Here at mental_floss, we're still reeling from the news that Crocodile Hunter Steve Irwin was killed yesterday. He, like us, thought that education could be joyous and goofy -- in fact, when this New York Times multiple-choice quiz asked readers his name (it's question 6), it offered our very own Will Pearson as one of the wrong answers. Rather than send Will down to Australia to continue Steve's legacy, we thought we'd offer up some facts about Steve's favorite animal as a tribute:
- There are only about 600 American Crocodiles in this country, all of them found in Florida. The South American Caiman is much more abundant and may have been first brought to the U.S. as a pet.
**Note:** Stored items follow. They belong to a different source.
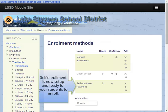Now the only thing to do is to give out the enrollment key to your students. When they go to your course the first time, they will be asked for the key, and if they type it in correctly, they will be automatically enrolled into your course.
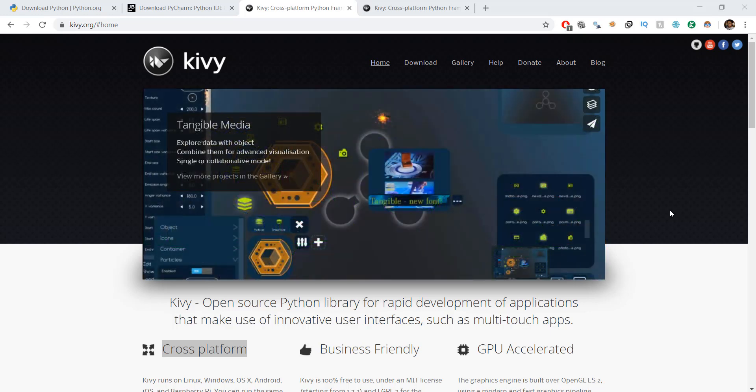All right guys, welcome back. In this video series of Python, we are going to be learning about Kivy. And I know a lot of you guys have been asking for it, so here it is.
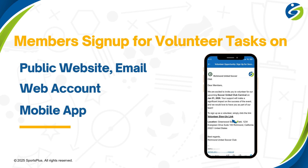Members can find out about events and learn about volunteer tasks on the public website, their web account, mobile app, or emails received from staff, and then sign up.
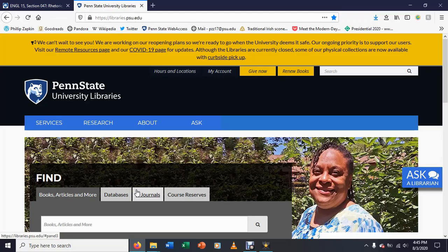Hello, so in this episode of Writing Notes, I'm going to give you a very basic introduction to using the library databases to do scholarly research. I'm on the Penn State Libraries page because I teach at Penn State. If you're watching this on my YouTube channel and you are not a Penn State-affiliated person, some of this may be useful, but some of this is going to be Penn State-specific. So that's something to be aware of.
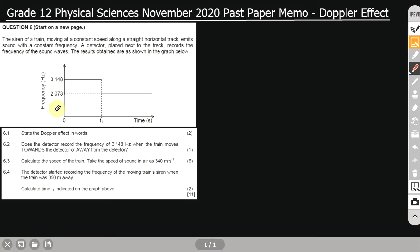So we have two values of frequency — a greater value and a smaller value — plotted against time. This is a graph of frequency versus time. You can see there is a drop in frequency from the higher value to the lower value. We have four questions: 6.1, 6.2, 6.3, and 6.4.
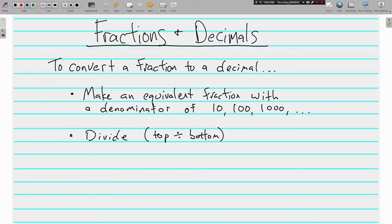Hi, this is Mr. Tipton, and today we are looking at fractions and decimals and being able to convert back and forth, making decimals into fractions and fractions into decimals. Let's start with fractions into decimals.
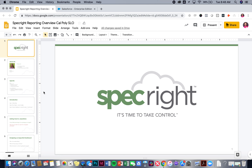Hi, everyone. Welcome to this session today. We're going to talk about reporting and dashboards in SpecRite. We're really excited to have you involved in this class at Cal Poly, and I wanted to take some time to walk through not only the technical aspect of how to build reports, but how to build reports that lead to business outcomes, how to build reports that help executives answer critical decisions, and so on.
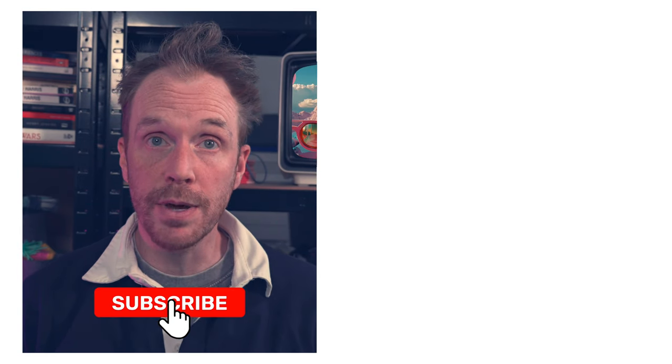Speaking of subscribing, how about supporting us by subscribing to our channel? It helps us get our videos to other viewers and helps us grow.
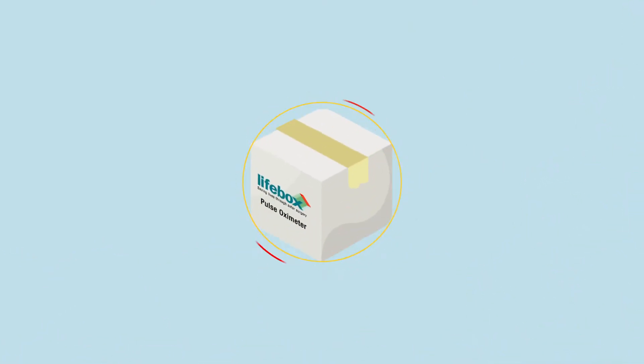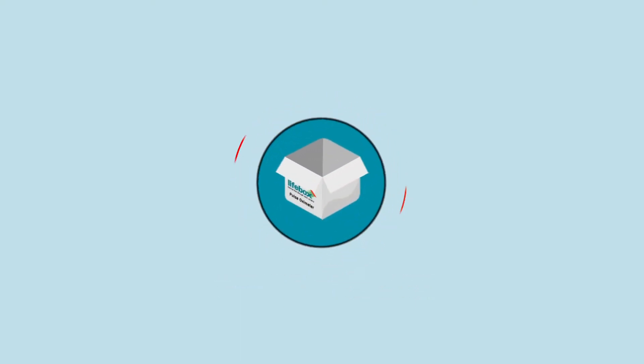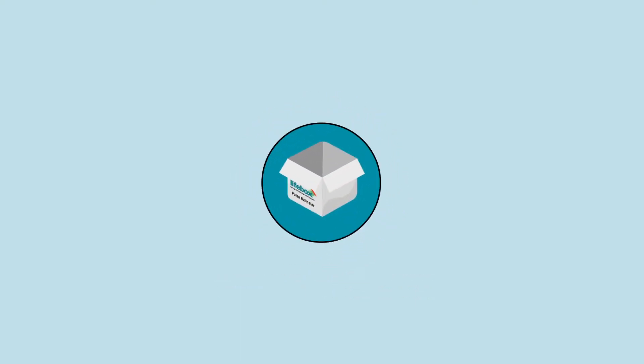So now we know what the oximeter does, let's take a look at what is included in the Lifebox. The oximeter is carefully packed for safe travel. Open the box and take out all of the pieces.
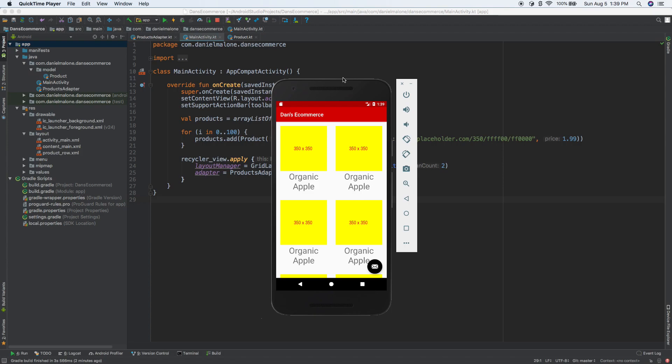Hey everybody, it's Daniel. Welcome back to part two of this series on creating an e-commerce app.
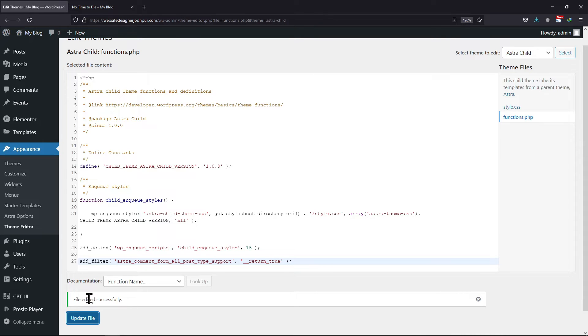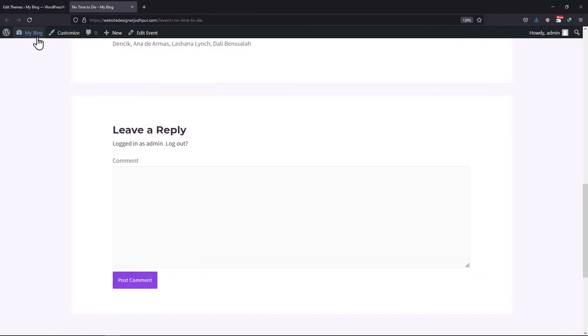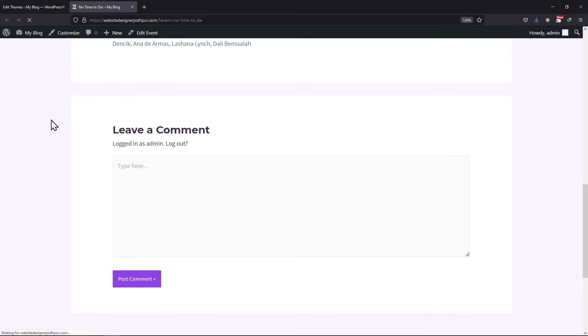Now let me show you how this filter works. When refreshed, you can see that the Astra comment box has been enabled on this custom post type in WordPress.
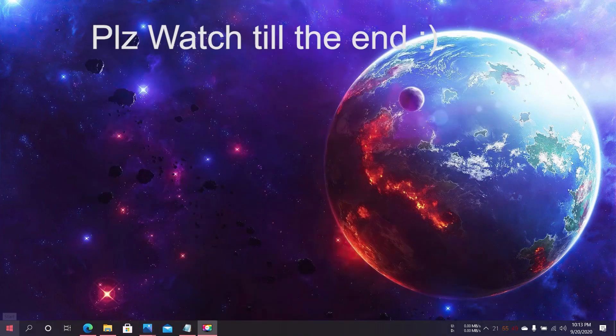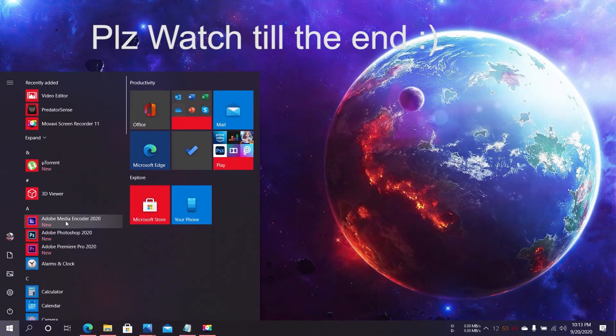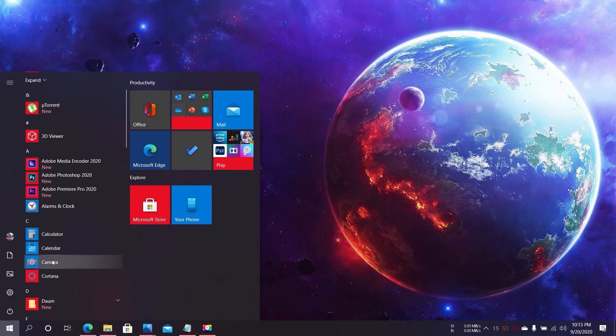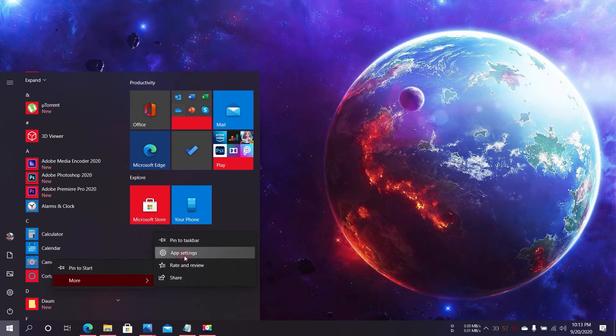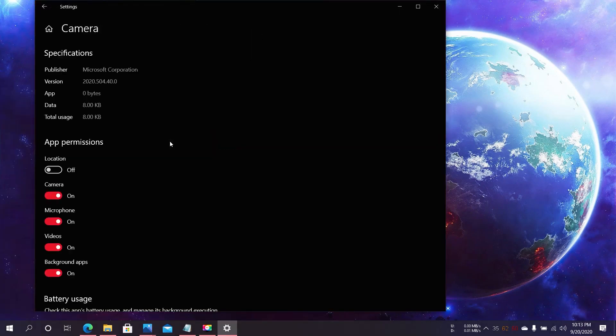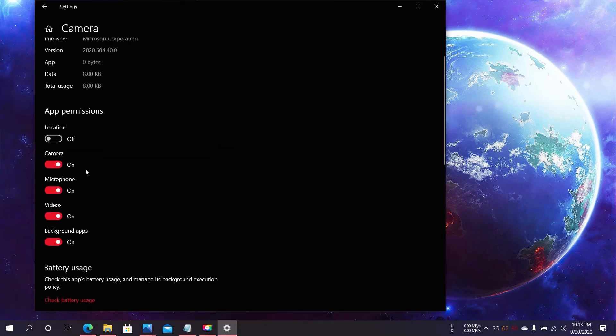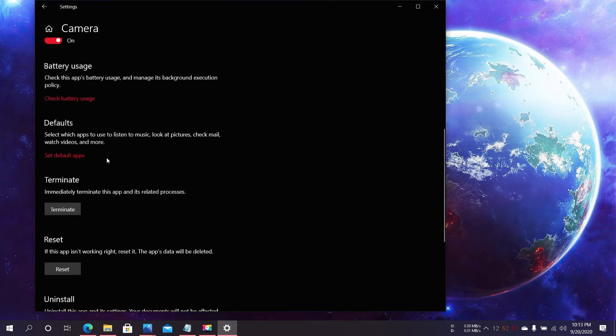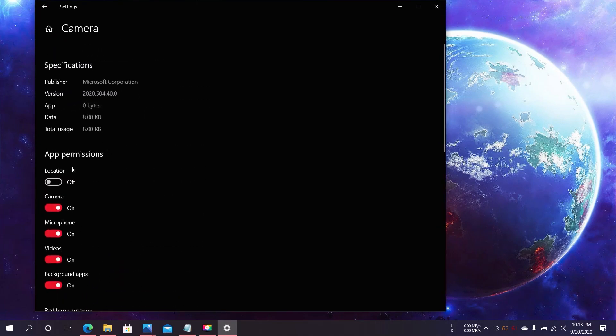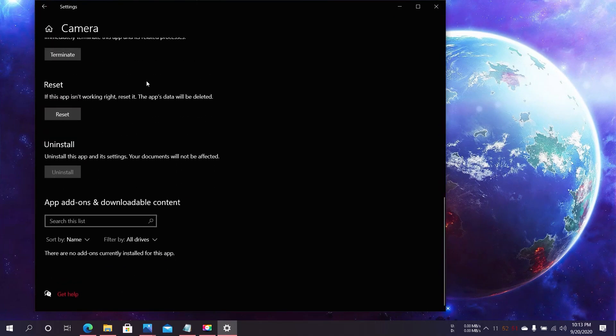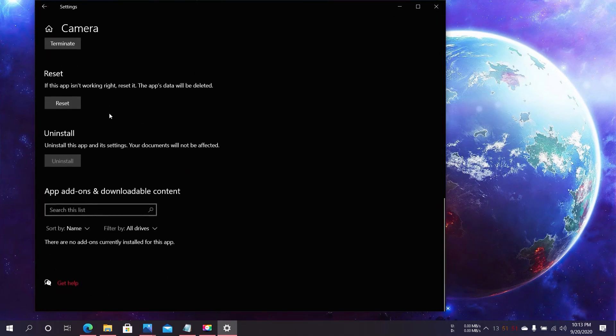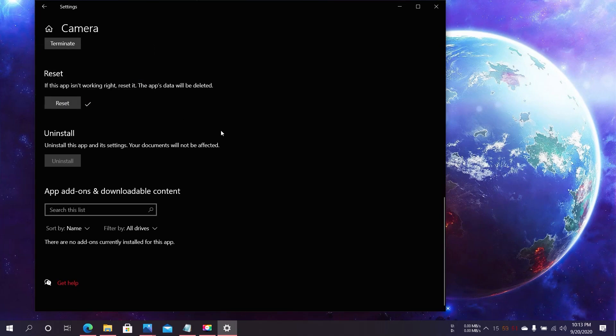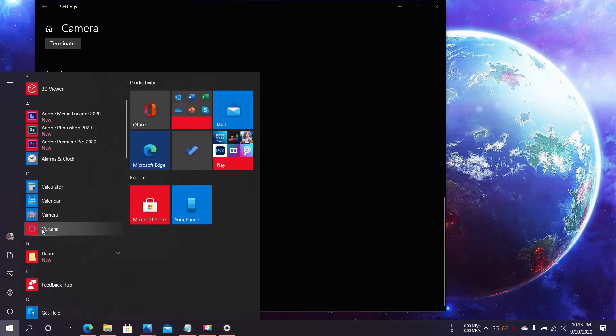First of all, go to Start and search for Camera. Right-click, go to App Settings, and make sure the camera is turned on. If it's not turned on or if it won't help, just click on Reset and reset the camera. Check to see if the camera works or not.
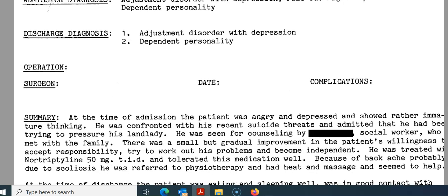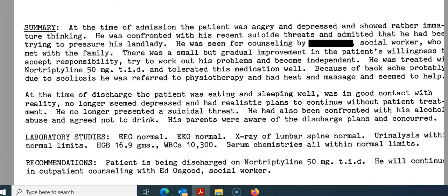Let's go back to the discharge summary. Discharge diagnosis: adjustment disorder with depression and dependent personality. At the time of admission he was angry and depressed, had recent suicide threats, and was admitted trying to pressure his landlady. At discharge, no longer depressed, no longer a suicidal threat, and was confronted with his alcohol abuse. So we have the four things we're going to code: the adjustment disorder with depression, the suicidal ideation, the dependent personality disorder, and the alcohol abuse. Let's go to 3M.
- If baby crocodiles are having trouble making it out of their eggs, the mother may crack the eggs open with her teeth.
- The crocodile-god Sobek was so popular in the ancient Egyptian city of Arsinoe that the Greeks referred to the city as "Crocodilopolis." Egyptians used crocodiles as everything from a decorative motif to a dispenser of birth control (they thought the animals' dung had contraceptive powers).
- In the first Jurassic Park, the T-Rex's roar was a remix of sounds from a crocodile, a lion, a tiger and a baby elephant.
And this, from our new issue: "Between 1925 and 1928, French tennis star Jean Rene Lacoste won seven Grand Slam men's singles events -- and he might have won more, had he not become ridiculously rich by inventing the world's first good tennis shirt. In the 1920s, tennis players wore long-sleeve, heavily starched dress shirts, often with ties. Lacoste grew weary of the outfits, so he designed a short-sleeve shirt with a longer shirttail in the back and a flat collar. Light and comfortable, Lacoste's shirts were an immediate hit when he began mass-producing them. But what about the logo? Known as 'Le Crocodile' for his on-court tenacity, Lacoste added the iconic croc to his clothing line in the mid 1930s -- the first time a logo is known to have appeared on the outside of a shirt."
Lacoste also seems to have started the trend for popped collars, which is one peril we're sure Steve Irwin would have been savvy enough to avoid. RIP, Steve, we'll miss you.